Me sorprendió el tamaño descomunal de la imagen. La espalda dorada y cubierta de hermosas veriselli, bellas joyas de vidrio. Una de ellas casi me amputó el dedo meñique de mi mano derecha.



Castigo por tocar la Puerta del Santo.



Es lo que tiene la osadía, ¿verdad?



El guiri nos retrasó un poco. Quizás trataba de hablarle en español al oído del Santo. Seguro que alguien le avisó que, como buen español, de idiomas, nada de nada.



Seguro que Santiago el Mayor estaba distraído el día del Pentecostés.

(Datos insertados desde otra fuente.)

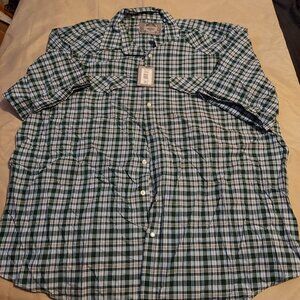 Bruno short sleeved hunter Green dress short 3xlt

O me pides en español o te buscas un traductor. ¿Me entiendes, Johnny o Joey o como diablos te llames?



Impresionados por la devoción de la gente, descendimos bajo el altar y entramos al tesoro de la catedral: el sepulcro del Santo. Un alucinante sarcófago plateado y un reclinatorio -ocupado por supuesto- y se acabó la tradición.



Con la Compostela en el morral y el candor del abrazo al Santo latente aún en nuestra mente, marchamos a la puerta de Platerías. Entramos en la catedral y directos a la misa del peregrino.



Repleta la catedral, nos tuvimos que sentar en la basa de uno de los enormes pilares del transepto. La misa fue larga y tediosa. Gracias al Magister Cantorum que pasé un buen rato. Igual nunca había visto una misa así. Las nociones básicas para cantar bien los salmos fueron lo más divertido. Atentos a la nota sobre la sílaba túuuuuuu... Venga, repitan conmigo... No tengan miedo, estamos cantándole a la Virgen... Otra vez... Hasta que no lo hagamos bien no empezamos...



¡Qué tío! ¡Qué coño de Magister Cantorum! ¡Super Speaker de Santiago, oye!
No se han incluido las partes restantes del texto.